— SOURCE MATERIAL —
-- Opening Marker --
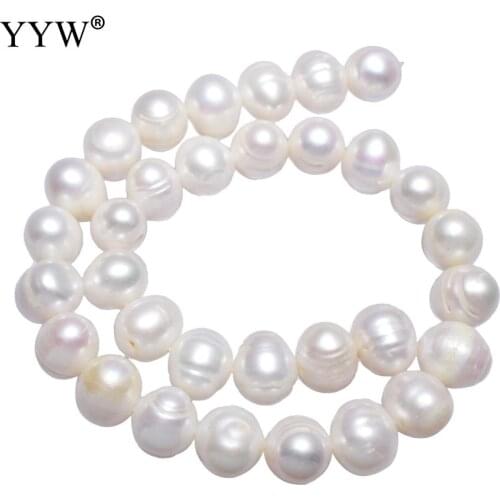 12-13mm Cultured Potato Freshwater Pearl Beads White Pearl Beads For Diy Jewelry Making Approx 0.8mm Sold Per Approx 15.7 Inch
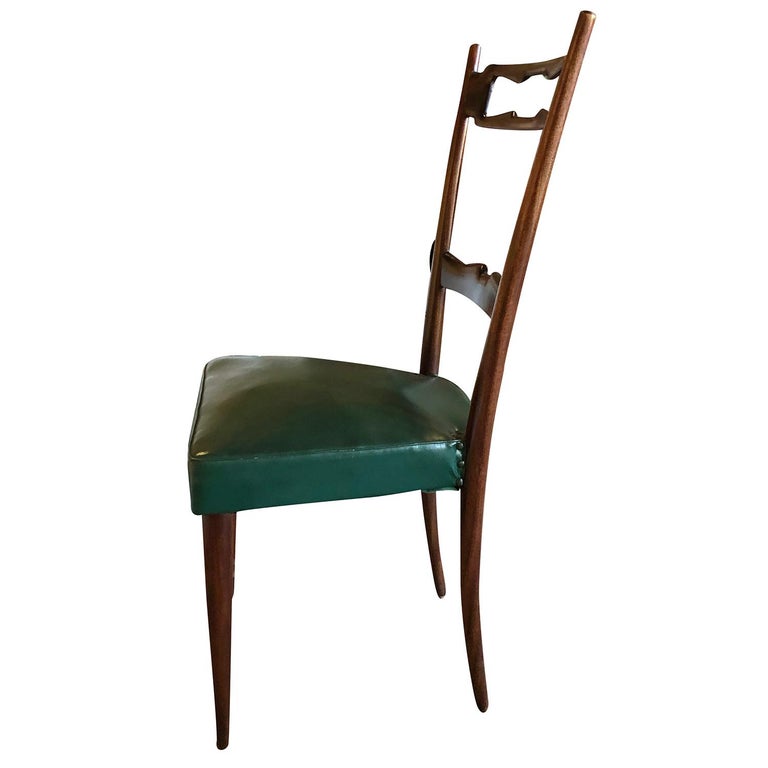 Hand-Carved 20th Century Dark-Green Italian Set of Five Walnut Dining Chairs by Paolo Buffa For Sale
-- Closing Marker --
-- Opening Marker --
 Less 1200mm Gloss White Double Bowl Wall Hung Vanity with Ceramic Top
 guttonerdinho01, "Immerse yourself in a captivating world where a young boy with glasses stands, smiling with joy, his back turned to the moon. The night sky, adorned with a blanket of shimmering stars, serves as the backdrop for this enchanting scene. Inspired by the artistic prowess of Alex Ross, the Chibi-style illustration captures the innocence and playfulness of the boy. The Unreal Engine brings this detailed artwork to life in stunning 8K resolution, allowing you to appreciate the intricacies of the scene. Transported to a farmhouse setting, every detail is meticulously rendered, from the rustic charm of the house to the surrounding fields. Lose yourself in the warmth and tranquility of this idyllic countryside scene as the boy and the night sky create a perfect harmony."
-- Closing Marker --
— TASK INSTRUCTIONS —
Quote the listing above, but only from the line that shows "Less 1200mm Gloss" through the line that shows "yourself in a".

— EXERCISE RESPONSE —
 Less 1200mm Gloss White Double Bowl Wall Hung Vanity with Ceramic Top
 guttonerdinho01, "Immerse yourself in a captivating world where a young boy with glasses stands, smiling with joy, his back turned to the moon. The night sky, adorned with a blanket of shimmering stars, serves as the backdrop for this enchanting scene. Inspired by the artistic prowess of Alex Ross, the Chibi-style illustration captures the innocence and playfulness of the boy. The Unreal Engine brings this detailed artwork to life in stunning 8K resolution, allowing you to appreciate the intricacies of the scene. Transported to a farmhouse setting, every detail is meticulously rendered, from the rustic charm of the house to the surrounding fields. Lose yourself in the warmth and tranquility of this idyllic countryside scene as the boy and the night sky create a perfect harmony."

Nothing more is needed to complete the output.